European Central Bank keeps stimulus in place
- Author: Zachary Reyes Jun 08, 2017,
Jun 08, 2017, 23:11
The interest rate on the main refinancing operations and the interest rates on the marginal lending facility and the deposit facility will remain unchanged at 0.00%, 0.25% and -0.40% respectively.
Draghi said that the brighter outlook is largely a result of the bank's efforts and the economy still needs central bank support.
But the bank's announcement Thursday reiterated that its stimulus in the form of monthly bond purchases could be stepped up if the economic outlook worsens.
The European Central Bank (ECB) has removed a reference to moving interest rates lower, a vital sign it is acknowledging the improving European economy in an attempt to placate critics of its ultra-loose monetary policy. While few expect that to happen, the words underline that the bank is not yet willing to call time on the stimulus program.
Ending the bond purchases and raising interest rates could have wide-ranging effects, such as a stronger euro and higher interest costs for heavily indebted governments.
The evidence is piling up that the growth in the eurozone has kicked into a higher gear and the region is recovering from the Great Recession and its crisis over high debt.
The change in the bank's stance was widely expected among analysts, who believe it could be the first step towards the bank winding down its 60-billion-euro ($67.4 billion) per month bond-buying programme next year.
Still, inflation is one of the weak points.

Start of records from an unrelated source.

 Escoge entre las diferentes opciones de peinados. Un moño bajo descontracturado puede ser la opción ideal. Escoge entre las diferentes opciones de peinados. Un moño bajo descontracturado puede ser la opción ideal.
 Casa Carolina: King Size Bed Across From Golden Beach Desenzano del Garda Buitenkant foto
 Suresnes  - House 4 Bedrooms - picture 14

Moving forward, investors concurred that the question mark over inflation in the eurozone will be the deciding factor over whether European Central Bank president Mario Draghi decides to raise rates in the future.
Volatile food and energy prices are to blame for such rapid changes, policymakers say, while "core", or underlying inflation discounting those elements remains sluggish.

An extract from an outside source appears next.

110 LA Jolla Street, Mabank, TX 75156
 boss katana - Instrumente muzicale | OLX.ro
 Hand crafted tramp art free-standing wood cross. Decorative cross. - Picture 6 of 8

"They have omitted the guidance that interest rates might be cut, but they have kept all their other easing measures in place and the comment that quantitative easing could be extended if needed", Sonja Marten, senior FX strategist at DZ Bank in Frankfurt, said.
But they also dropped a long-standing commitment to dropping rates yet further if necessary, indicating central bankers see reduced risk of economic shocks to the 19-nation single currency area.
On Thursday, the bank has kept its short-term benchmark rate that steers short-term rates at a record low of zero.
- The Stoxx Europe 600 Index rose 0.3 percent, led by banks and insurers.